J’aimerais croire que nous allons pouvoir « respirer ». J’en doute beaucoup. Un ballon d’oxygène ne résorbe pas une tumeur, surtout si l’oxygène est de mauvaise qualité.
Je ne sais pas de quoi demain sera fait. Je me méfie des prévisions catastrophistes. Je n’exclus pas (encore) que la zone euro puisse surmonter cette crise gravissime si des mesures d’intérêt général sont prises à temps. Mais tout me porte à croire que rien n’est réglé et que, DANS QUELQUES SEMAINES OU QUELQUES MOIS, LA CRISE DES DETTES PUBLIQUES VA S’APPROFONDIR, parce que c’est avant tout une crise 1) de la finance spéculative et des dettes privées, et 2) de la course folle au « moins d’État » via le dumping fiscal en Europe et ailleurs.

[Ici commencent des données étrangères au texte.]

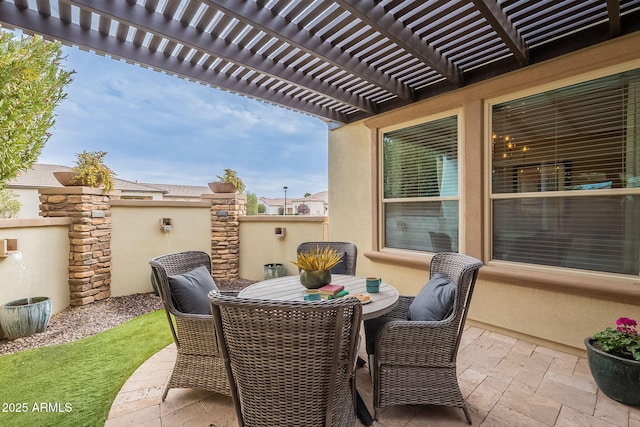 view of patio featuring a pergola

Rien de décisif n’a été obtenu à ce sommet, même en se limitant aux trois points clés mis en avant par François Hollande pendant sa campagne.
1) La possibilité pour la Banque centrale européenne de financer directement les États ? C’est l’inverse : la BCE n’achètera plus les obligations des pays attaqués par les marchés, ce qu’elle avait fait en 2011. Désormais, c’est le Fonds européen de stabilité financière (puis le Mécanisme européen de stabilité qui va lui succéder) qui interviendra. Mais sans financement direct de la BCE, EN EMPRUNTANT SUR LES MARCHES. Et avec des contreparties douloureuses pour les peuples des pays emprunteurs.

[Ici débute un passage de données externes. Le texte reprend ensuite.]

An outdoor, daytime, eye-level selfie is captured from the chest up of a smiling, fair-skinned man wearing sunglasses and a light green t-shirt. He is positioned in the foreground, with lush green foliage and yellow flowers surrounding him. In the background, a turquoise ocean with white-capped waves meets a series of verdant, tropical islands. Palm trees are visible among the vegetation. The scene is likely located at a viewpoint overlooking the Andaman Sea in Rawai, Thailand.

2) La mise en place d’euro-obligations pour que les pays de la zone euro puissent emprunter solidairement à des taux très faibles ? Un tel dispositif, qui n’est pas sans sérieux défauts tant que les marchés décident des taux (voir les pages 86 à 92 du petit livre des économistes atterrés, « L’Europe mal traitée », 8 euros), n’est même pas évoqué dans les conclusions du sommet. Qui a fait plier qui ?
3) Des mesures de relance de la croissance en Europe ? Indépendamment même de la pertinence de ces appels angoissés à un paradis perdu qui ne reviendra pas, le « pacte pour la croissance » de 120 milliards d’euros est assez ridicule. La moitié (et probablement plus, car c’est opaque) provient de fonds structurels déjà programmés pour 2012-2013 et « redéployés ». L’autre moitié correspond à des prêts hypothétiques de la Banque européenne d’investissement pour des « grands projets » d’investissements PRIVÉS inconnus. 60 milliards ajoutés, et probablement moins, répartis entre 17 pays…
Rassurer les marchés, sauver les banques sans contrepartie véritable, c’est maintenir sinon conforter leur pouvoir de nuisance. Ce n’est pas Merkel qu’il faudrait faire plier, même si cela fait partie de la stratégie, ce sont les marchés financiers et les banques, la concurrence fiscale et les « enfers fiscaux ».
Dans ces conditions, avec des marchés financiers toujours aux commandes, la ratification rapide du « pacte d’austérité automatique » serait un bien mauvais coup. À vouloir réduire drastiquement les déficits publics pendant qu’on laisse les banques et les spéculateurs jouer contre l’économie réelle, on prépare une nouvelle étape de plongeon. Pas de quoi se pavaner.